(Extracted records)
··········

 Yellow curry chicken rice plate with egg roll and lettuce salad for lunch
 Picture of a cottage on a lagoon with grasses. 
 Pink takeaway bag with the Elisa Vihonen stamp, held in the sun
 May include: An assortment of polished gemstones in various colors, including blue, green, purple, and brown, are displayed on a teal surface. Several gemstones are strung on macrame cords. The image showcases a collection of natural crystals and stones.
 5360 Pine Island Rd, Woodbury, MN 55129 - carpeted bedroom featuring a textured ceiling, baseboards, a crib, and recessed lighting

··········

• TASK DESCRIPTION:
Please output all of the entries without changing a single character.

• FINISHED TASK:
 Yellow curry chicken rice plate with egg roll and lettuce salad for lunch
 Picture of a cottage on a lagoon with grasses. 
 Pink takeaway bag with the Elisa Vihonen stamp, held in the sun
 May include: An assortment of polished gemstones in various colors, including blue, green, purple, and brown, are displayed on a teal surface. Several gemstones are strung on macrame cords. The image showcases a collection of natural crystals and stones.
 5360 Pine Island Rd, Woodbury, MN 55129 - carpeted bedroom featuring a textured ceiling, baseboards, a crib, and recessed lighting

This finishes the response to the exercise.